Addressing dementia-related health disparities through preclinical research necessarily requires human-based approaches, as animal studies cannot replicate human etiologic diversity.
On July 15th, 2019, the Physicians Committee established a working group during an inaugural roundtable at the Alzheimer’s Association International Conference.
Attendees included stakeholders from academia, health care, and advocacy organizations who outlined a path toward reducing the imbalanced health burden of dementia on people of color, women, and members of other historically underserved populations such as LGBTQ, rural, and low-income communities. The roundtable discussion highlighted the need for the Alzheimer’s research community to rethink current study designs, donor and participant engagement strategies, and funding priorities and policies. Participants strategized a plan for going forward and established a working group to implement recommendations.

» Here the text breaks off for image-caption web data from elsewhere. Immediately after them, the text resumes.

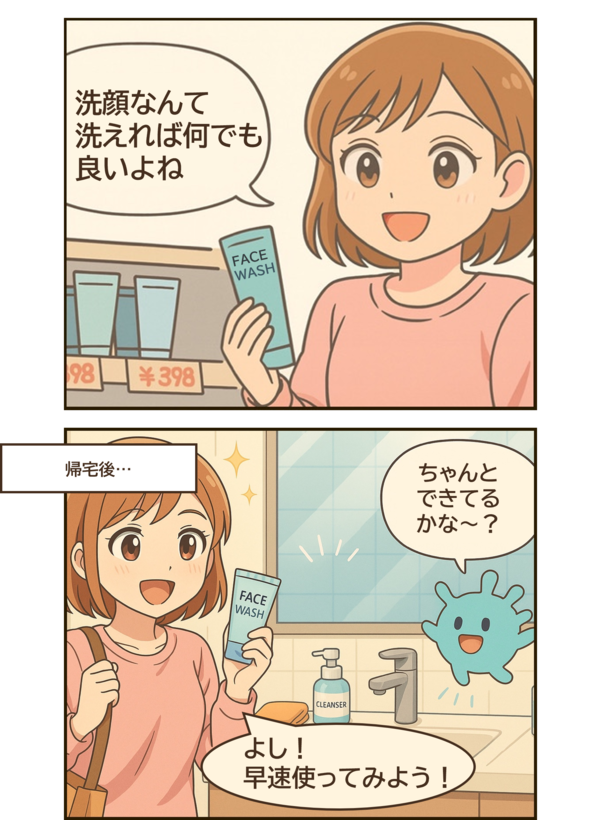 主人公「洗顔なんてなんでもいいよね」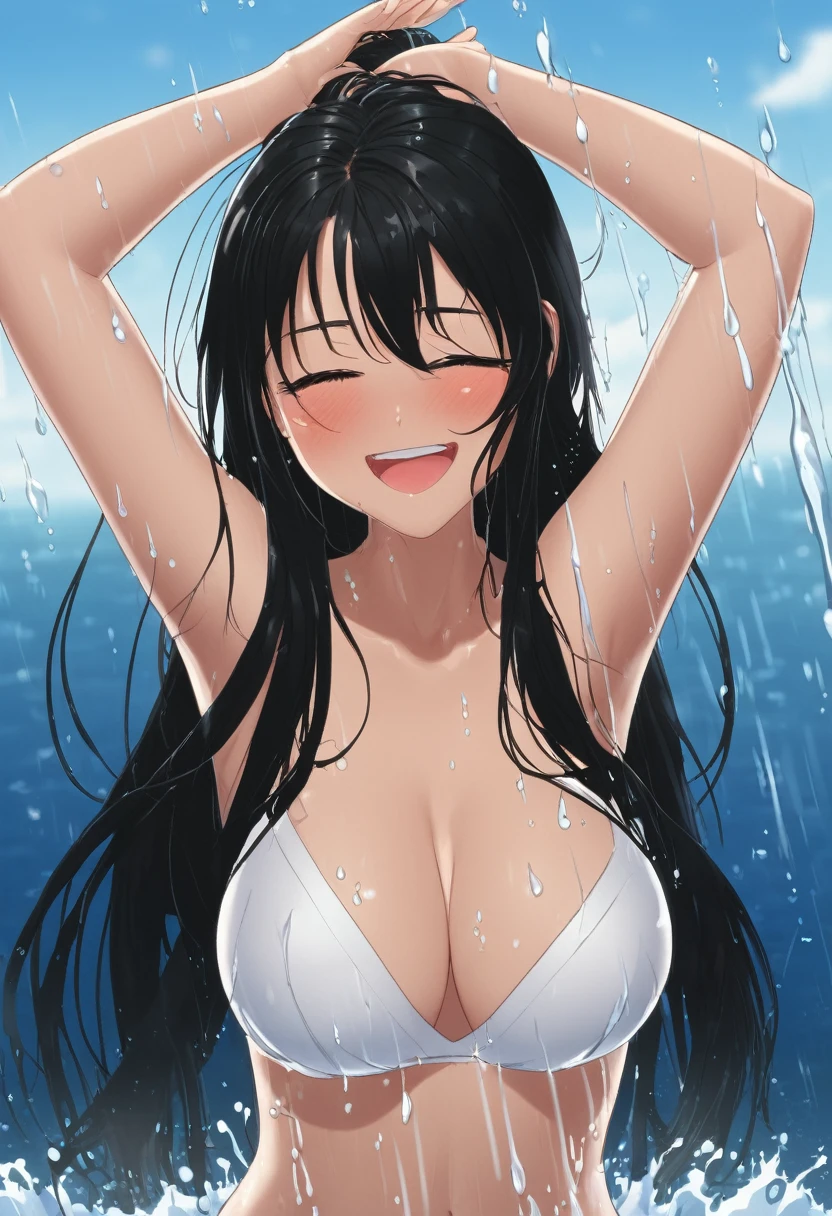 (high quality),(details),(nsfw),
(a girl),(arms up),(black long wet hair),
((soaking),(sweaty),(good posture),
((blushing)),((shy)),(big boobs),(giggling)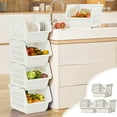 thumbnail image 1 of 3-Tier Household Kitchen Storage Baskets Organization Baskets Thickened Floor Standing Multi-Layer Shelf with Wheels for Kitchen Bathroom Living Room Organization and Storage, 1 of 5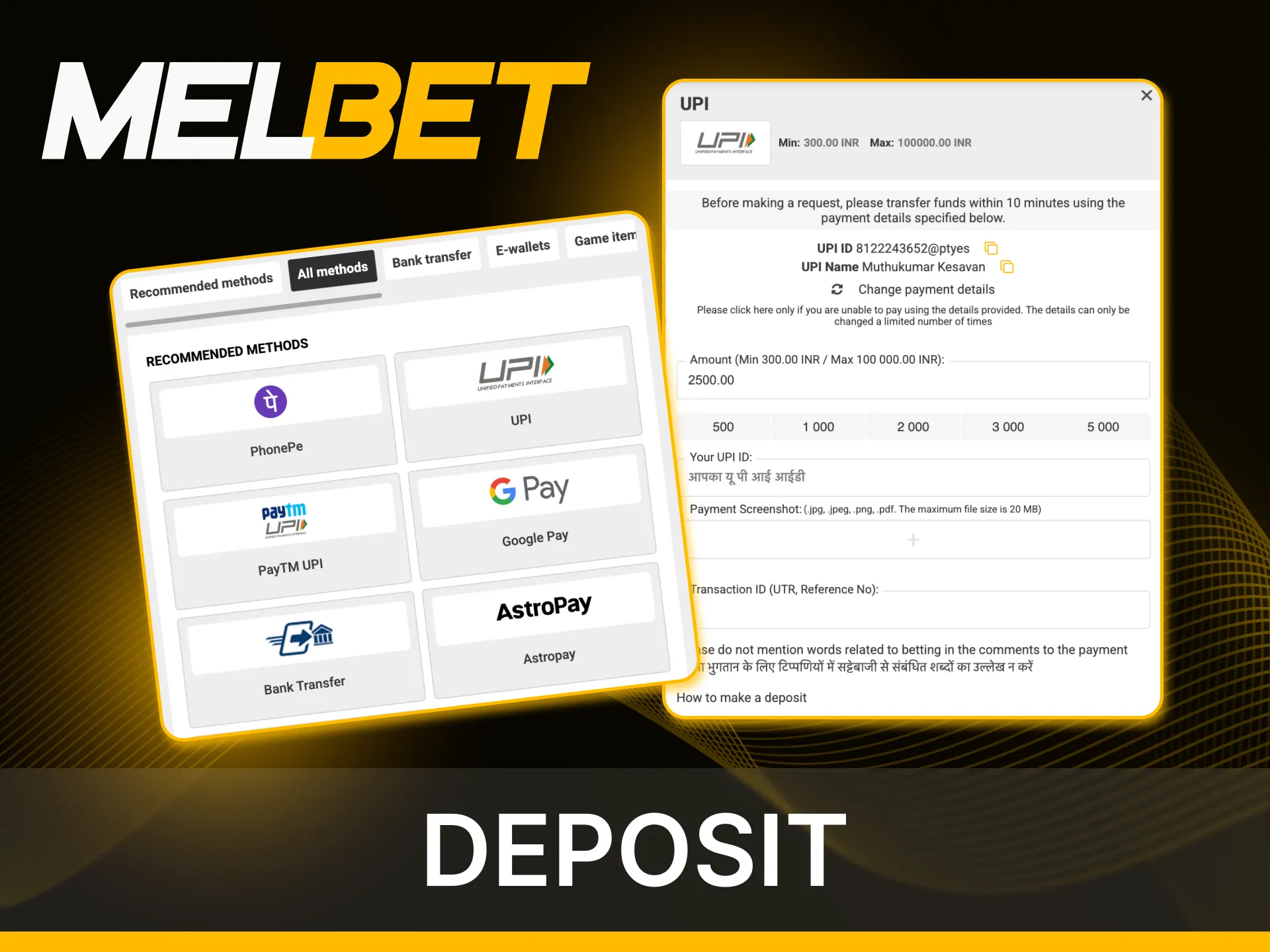 Choose a convenient deposit for you in the Melbet online casino.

In order to make preclinical research more representative of the full dementia patient population, the roundtable acknowledged the importance of gathering research subjects from diverse populations. Human-based approaches that aim to uncover the biological mechanisms and risk factors for dementia-related diseases such as genetic, epidemiological, and cell culture methods have indeed made significant advances. However, studies utilizing these methods often lack data from non-white research subjects. This failure lies with funding agencies, researchers, and clinicians alike.
Swati Mishra, PhD, from the University of Washington, studies the molecular consequences of SORL1 genetic variation—which is linked to a risk for Alzheimer’s disease—with human stem cells. She noted that although progress has been made in describing SORL1 dysfunction and developing therapies, the genetic variation that has been studied thus far has been biased toward populations of European ancestry. Members of the roundtable agree that this sort of study design could lead to the development of drugs that only work in patients of European ancestry. Gene Kopen, PhD, and Thomas Bell, MS, PhD, of the National Disease Research Interchange, added that, in addition to genetic samples and patient-derived stem cells, an unmet critical need of the biomedical research community is the ascertainment of primary human tissue samples from greater donor diversity.

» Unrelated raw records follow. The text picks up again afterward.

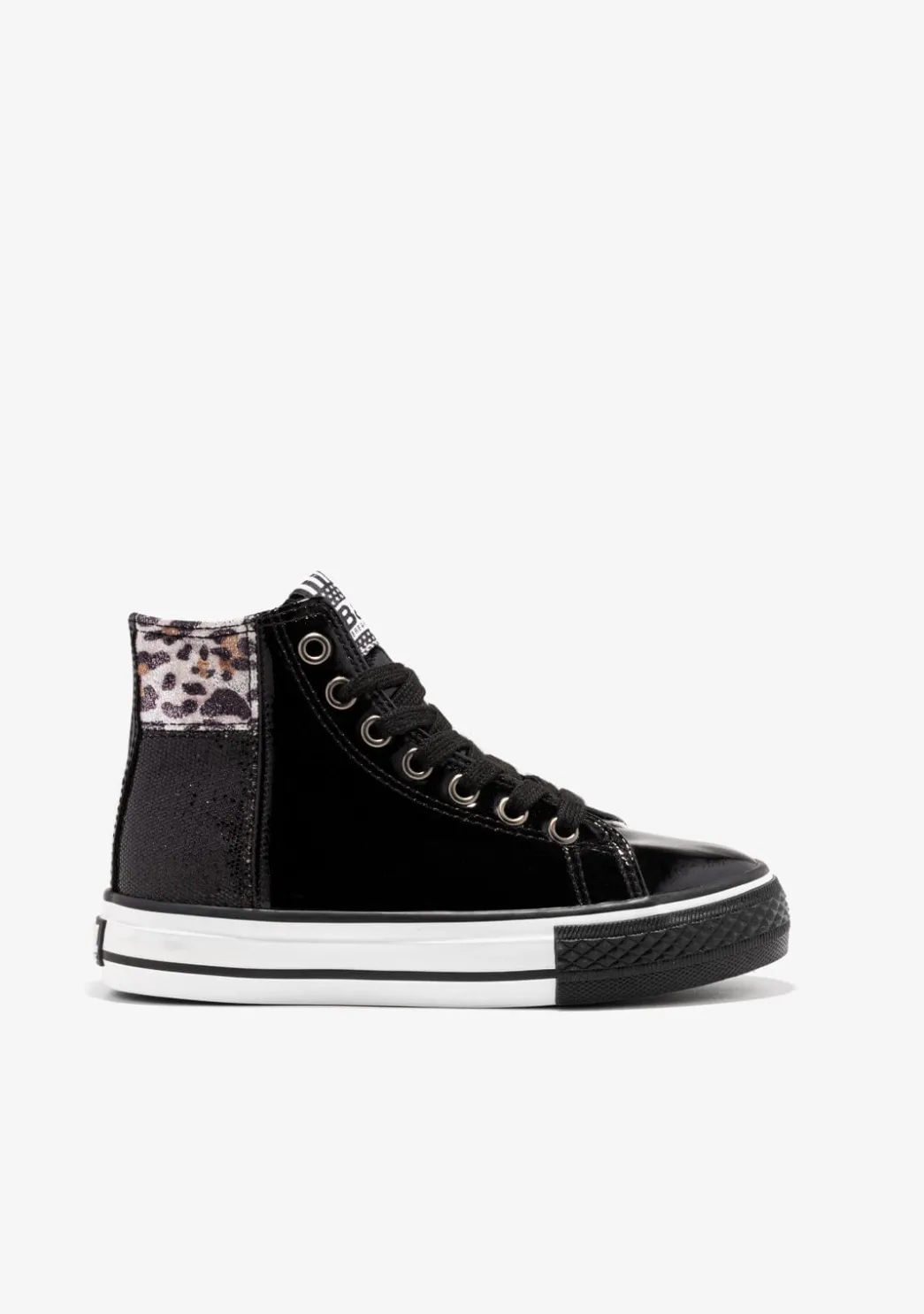 Cheap Zapatillas Altas De Niña Patchwork Negro B&W Zapatillas|Zapatillas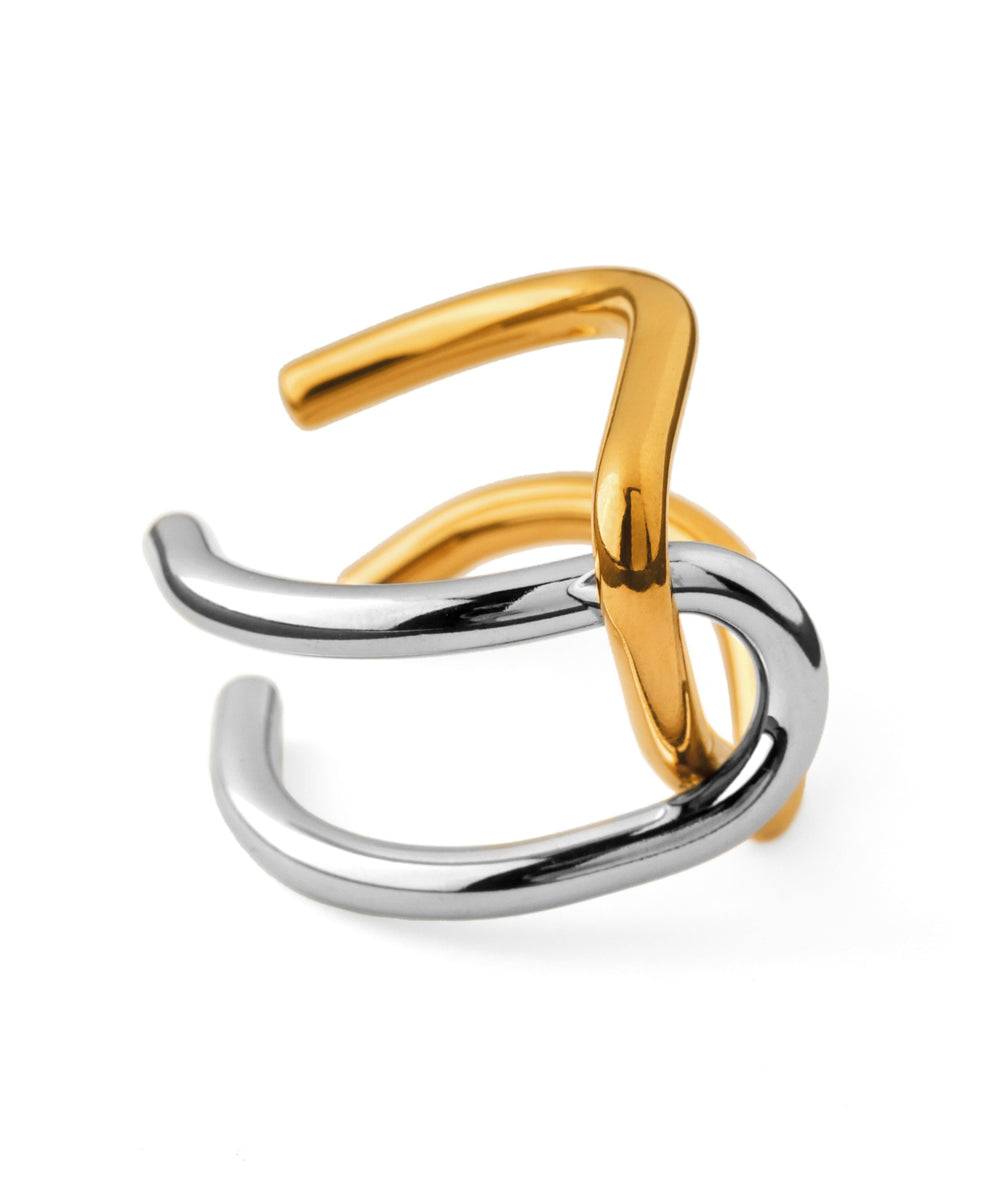 ANEMONE】【ステンレス】コンビカラークロスリング｜アネモネ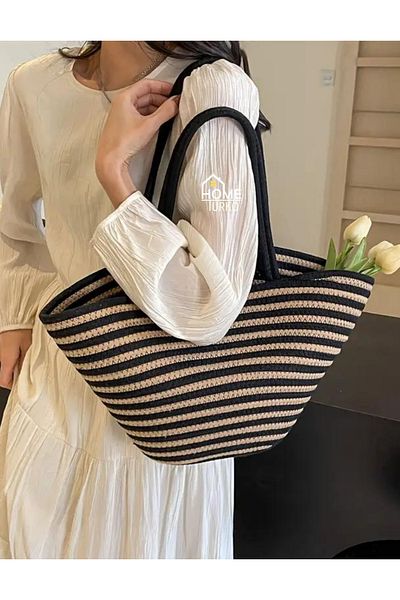 HomeTurko Geantă decorativă din iută în stil boem pentru femei - Geantă cu curea cu design special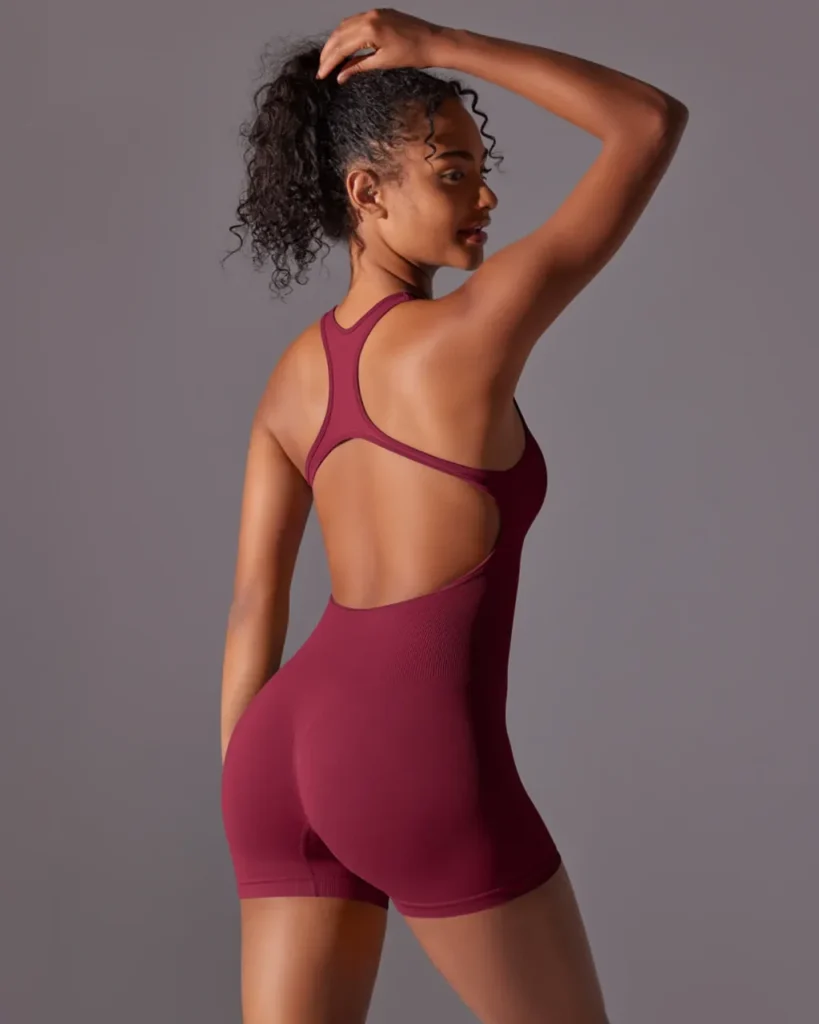 Seamless Backless One Piece Aerial Yoga Jumpsuit - Burgundy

In order to increase donor diversity, multiple members of the working group demonstrated resounding support for building trust with communities before asking for biosamples. Representing the LatinosAgainstAlzheimer’s network of UsAgainstAlzheimer’s, Jason Resendez emphasized the importance of culture-tailored education and outreach and the power of community-facing networks that utilize existing infrastructures. Stephanie Monroe from AfricanAmericansAgainstAlzheimer’s recommended that minority engagement centers of excellence be established in order to build institutional knowledge and strengthen community recruitment. Yakeel T. Quiroz, PhD, from Harvard’s Multicultural Alzheimer Prevention Program, pointed out that a primary barrier to Latino participation in research is language, stressing the need for bilingual testers, researchers, and clinicians.
Dementia researchers’ focus on animal model systems has worsened the problem of health disparities by creating frameworks of dementia that are largely devoid of human diversity elements. In order for biomedical discoveries to advance the health of everyone equitably, researchers must prioritize human-based approaches that elevate participation from historically underrepresented groups.